К счастью, прогноз Валеха Рзаева не оправдался. Вагиф ушел от нас в зените славы, всенародной любви и уважения. И знаком высшей справедливости было награждение его в 2014 году орденом «Истиглал». Потому что Независимость - страны, государства, индивидуума были для Вагифа выстраданным понятием.

 

…Пройдут годы, будут сменяться поколения. Но с течением лет не потускнеют ни личностная харизма, ни божественный дар Вагифа Самедоглу. Напротив, они будут светить нам все ярче и ярче.

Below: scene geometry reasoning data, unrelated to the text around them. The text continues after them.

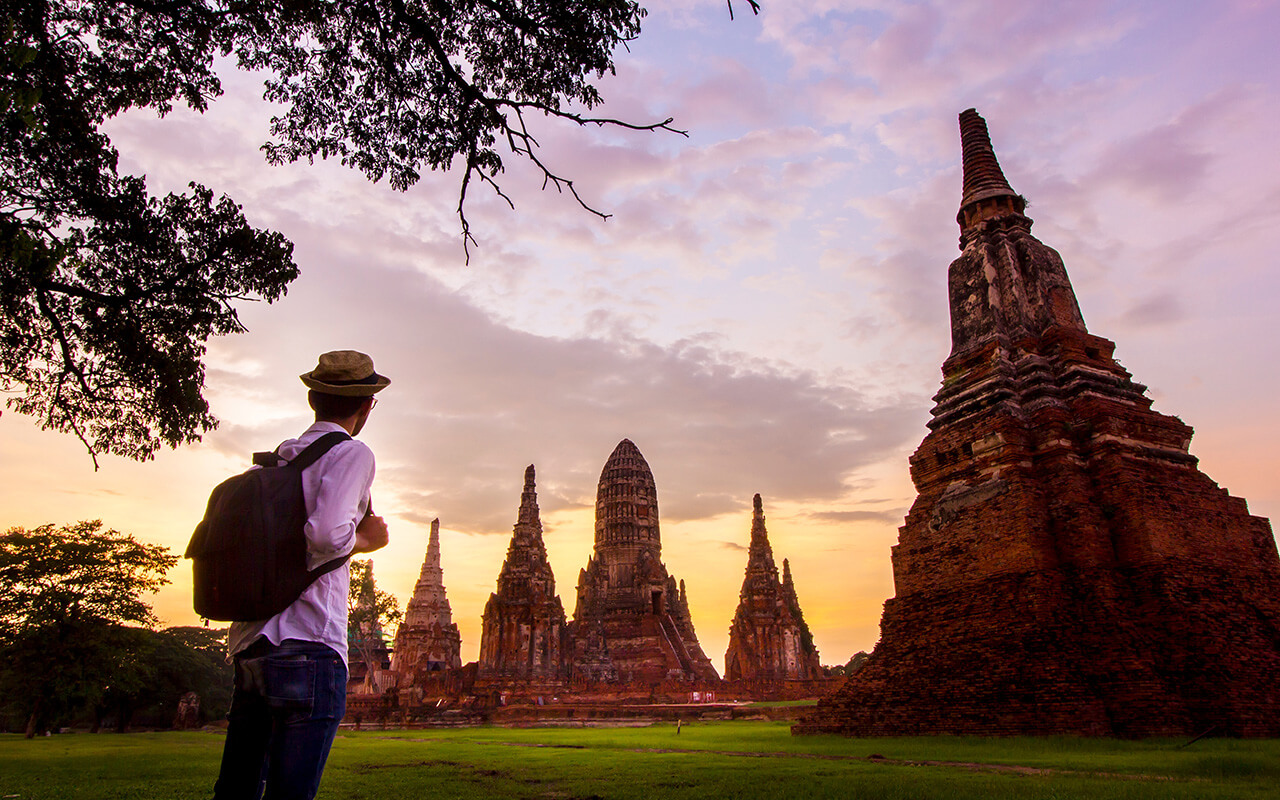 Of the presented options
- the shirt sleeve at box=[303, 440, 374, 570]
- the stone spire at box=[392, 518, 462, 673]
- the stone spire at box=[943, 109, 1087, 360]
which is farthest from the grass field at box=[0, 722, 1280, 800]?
the stone spire at box=[392, 518, 462, 673]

Правильно ведь сказал великий Сергей Есенин:

 

«Лицом к лицу

Лица не увидать.

Большое видится на расстоянии…»

 

Поэтесса Сона Велиева под впечатлением стихотворения Вагифа Самедоглу «Kaş «yarı»lar qala» посвятила выдающемуся поэту оригинальные поэтические строки.

 

Остаться бы наполовину

 

Не богач я, нет и ларца,

Куда бы спрятать груз судьбы.

Пусть Бог сразит не всего меня,

Пусть оставит наполовину для слез.

(В.Самедоглу)

 

 

Жить бы отшельником,

умереть бы странником

в далеком городе,

по чужому адресу…

Убежать от друзей, родных,

не дававших покоя,

посягавших на одиночество

желанное мое.

Укрывшись в туман утренний

каспийский,

уйти б, со смертью сроднившись.

Испариться утром,

бесследно и вдруг,

не успев проснуться…

Не друга разочаровать,

Не обрадовать врага,

Не навеять бы грусть на улицы,

Не развеселить бы прохожего…

…Или избежать

торжества умирания.

Не умереть, а кануть в вечность.

Не просить слез и плача

ни у матери, ни у сестры.

Пока все спят, пока не проснулись дети,

все как-то вдруг,

пробудившись от долгого сна…

Но тут же разочароваться во всем.

Скучать не по родным,

а по себе бы немножко.

Скучали бы:

ноги -

по собственным следам,

ведущим к дому.

руки -

по стиранию пыли

с дорогих вещей,

глаза -

по родному имени

на двери.

И стих незавершенный

Скучал бы по слову

недописанному, одному…

Возгореться бы пламенем.

Разочароваться б в возжелаемом.

Пощадить бы родных

и детей своих.

Отпустить их с счастьем -

пожалеть.

Оплакать себя, свою боль и печаль,

одиночество духа

своим собственным плачем, лелея и любя,

как никто другой…

Остаться бы

хоть на половине пути.

И оставшись на полпути,

на прерванной дороге

вымолить ту половину пути,

что вела бы к родным.

Если и умрем, и уйдем,

то остаться бы наполовину

во всем…

 

Перевод

Кямали УМУДОВОЙ

 

Эльмира АХУНДОВА

Каспiй. -2016. - 27 января.- С. 8-9.